I just showed you how much wealth they have. It’s obscene. It’s ridiculous. And it was made by all those other folks being massively underpaid for their contributions. It was made by taking advantage of the infrastructure (roads, bridges, waterways) that we, the taxpayers, pay to maintain. They have seen their taxes cut and cut and cut again. They have seen their income rise repeatedly while ours has stagnated or decreased. We have been squeezed into a life of living paycheck-to-paycheck while they make billions during a pandemic. Of course they want us to go back to work!

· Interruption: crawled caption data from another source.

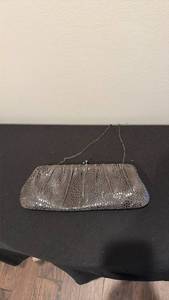 lot 1308 image: Santi clutch bag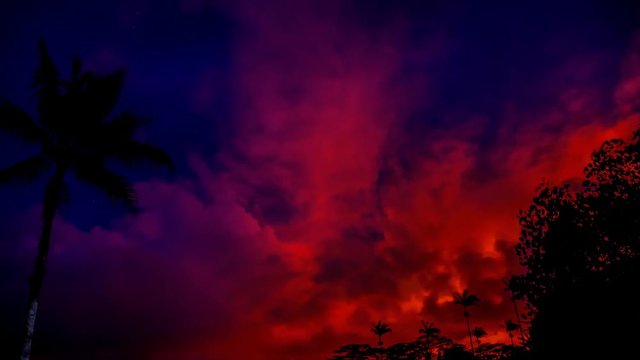 a cinemagraph or animated photo of the lava glow from Pahoa hawaii. the eruption created an everlasting sunset through the night. it could be seen for miles around.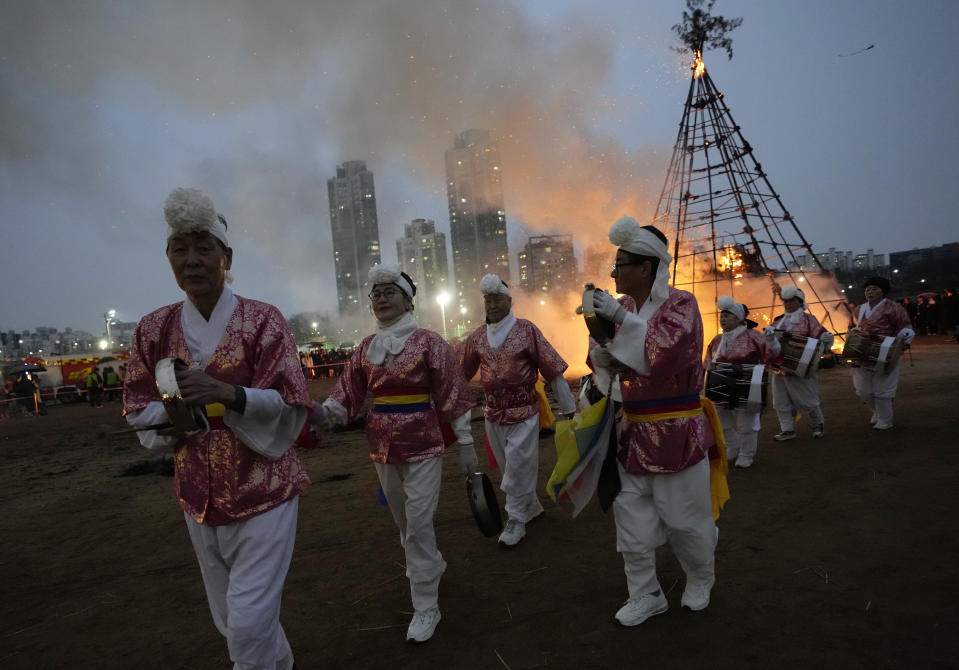 South Korean traditional band members perform near the burning Daljips, a wooden hut built on top of a hill, to celebrate the first full moon of the Lunar New Year in Seoul, South Korea, Saturday, Feb. 24, 2024. According to the lunar calendar, the first full moon falls on Feb. 24 this year. (AP Photo/Ahn Young-joon)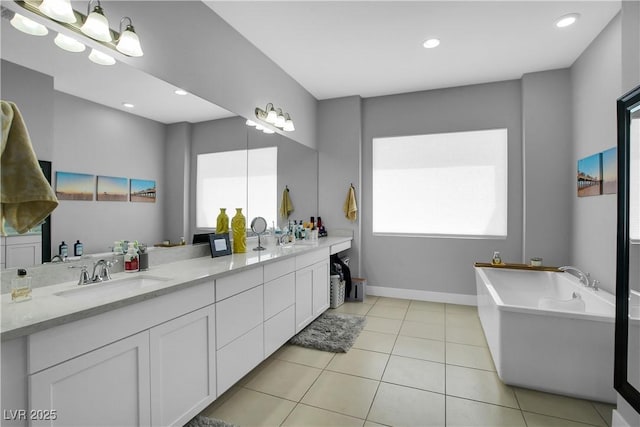 full bath with double vanity, a soaking tub, a sink, and tile patterned floors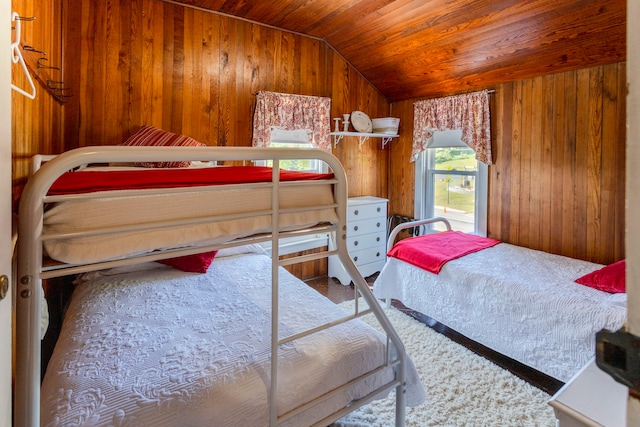 bedroom with wood walls, lofted ceiling, and wooden ceiling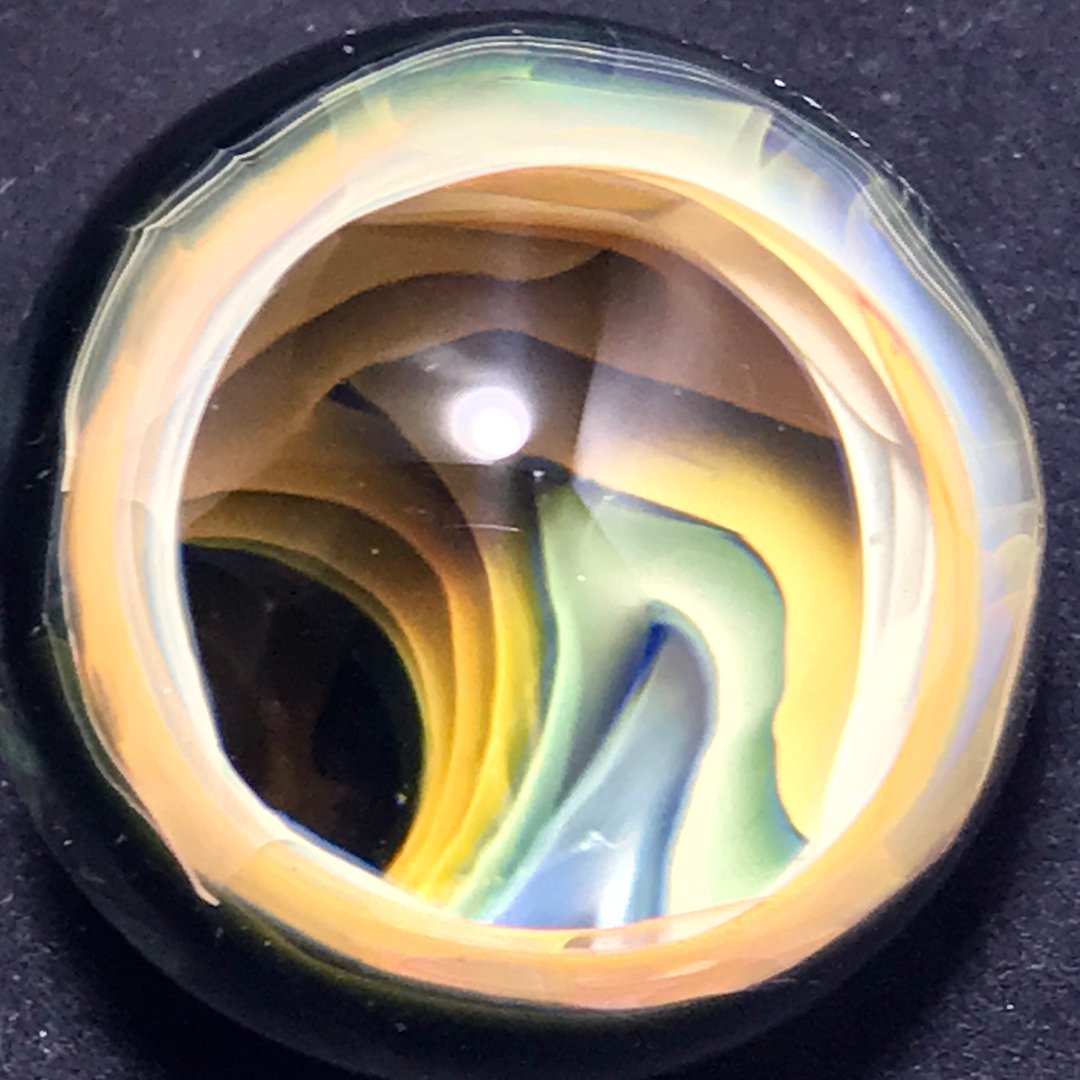 Close-up of a colorful marbled glass paperweight with swirls of yellow, green, black, brown, and blue, on a black background.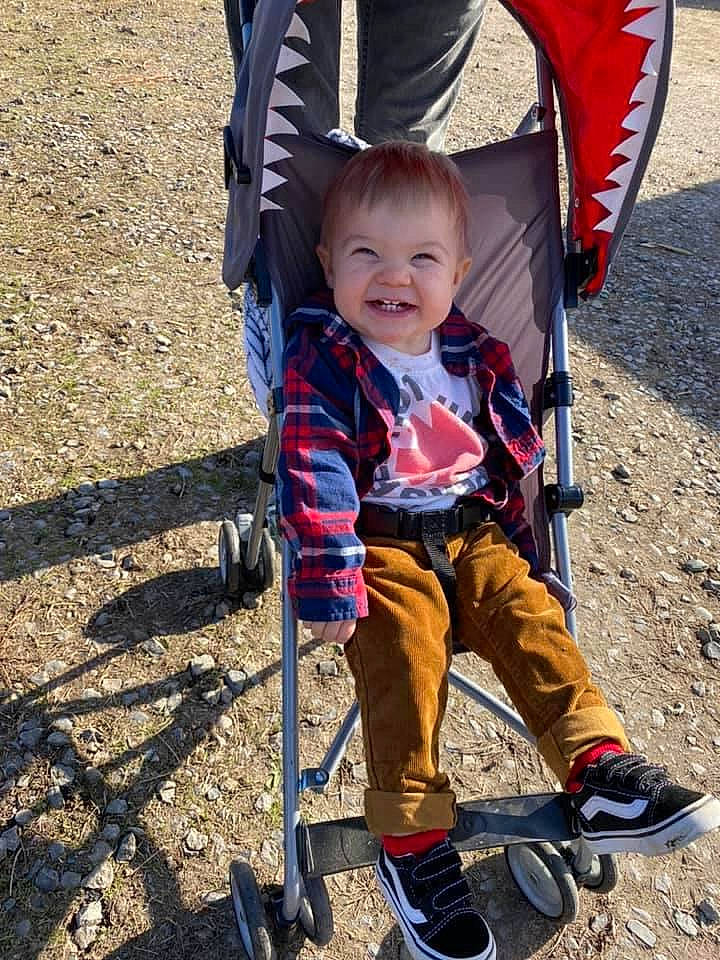 Finley is registered to the contest to win money with this photo: baby_carriage, baby_products, chair, child, comfort, electric_blue, fun, grass, joy, leg, leisure, people_in_nature, person, play, public_space, recreation, shoe, sitting, smile, sneakers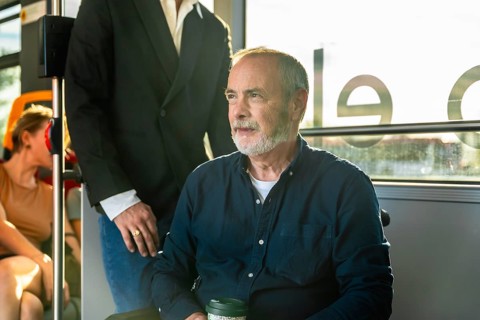 Senior man on a city bus, seated by the window with a reusable cup, gazing thoughtfully outside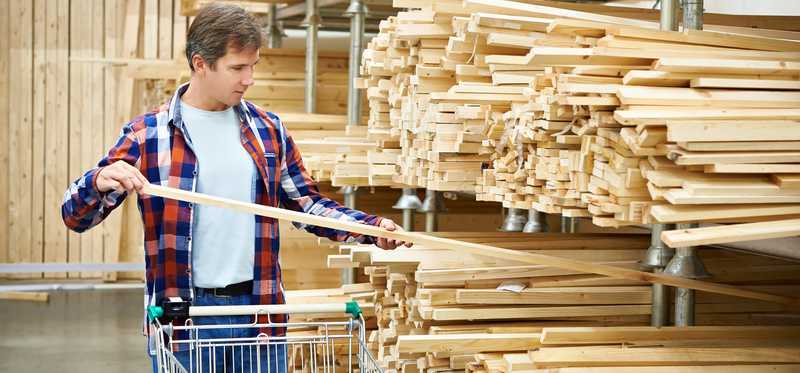 A person shops for lumber.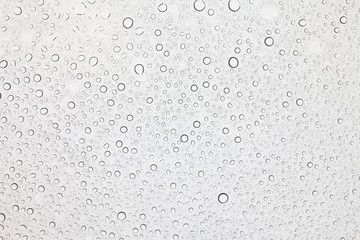 Rain droplets on glass background, Water drops on glass.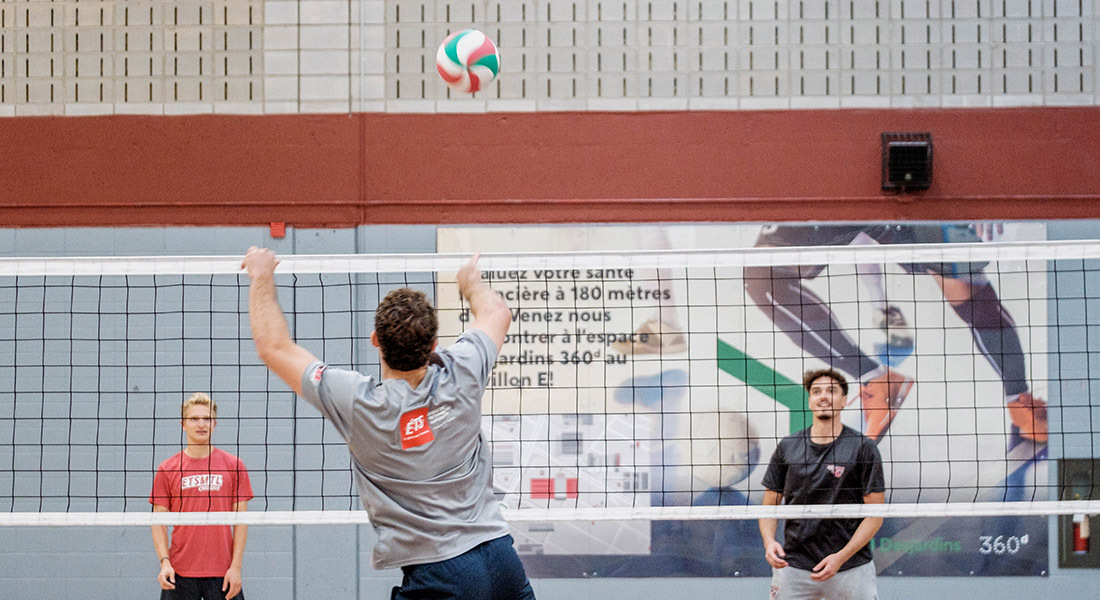 Des étudiants s'entraînent au volleyball, concentrés sur le jeu, dans une ambiance sportive et dynamique.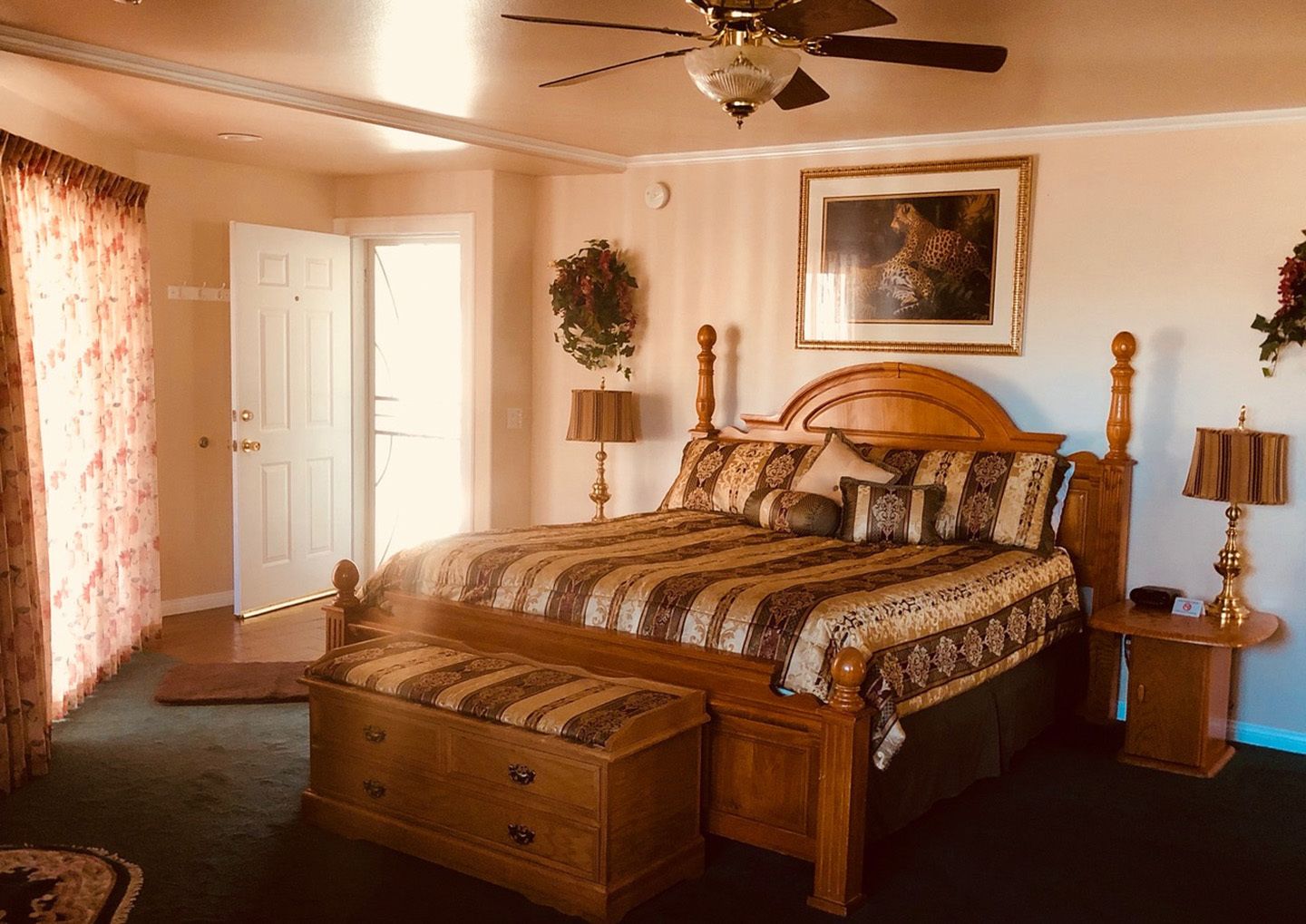 A bedroom with a wooden bed, a ceiling fan, a large window with curtains, a door, and a framed picture on the wall.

Those 607 people control $2.9 trillion. How long would it take to count that at one second/dollar? Nearly 92,000 years. You: 1+ day; these 607 clowns: 92,000 years. What’s the wealth conversion of $1 for them? More than $117 million ($117,467,400). For you, a Coke out of a machine; for this group, a beachfront house. Just marinate with that for a sec.
So ask yourself: Aren’t the lives of 6+ million people more important than the wealth of 607 super-rich people who can just go out and make more? We’re constantly told these people are “the job creators”, that they’re awesome at making money. Heck, as you can see from the tweet above, they’re even making billions during a pandemic. Stripping them should be no big deal, right? They’ll be back on their feet in no time, and they will have saved the economy. Which the Republicans keep telling us is absolutely critical, even more critical than losing 2-3% of the population. (Or so they insist.)
Republicans say, “You guys go out there and die.” I’m saying hell no, you staggeringly rich bastards to whom so much has been given, you give up your cushy lives for a few months.
How about you, gentle readers; what do you all say?
Trump says we’re in a war. I agree; it’s just not the one he thinks.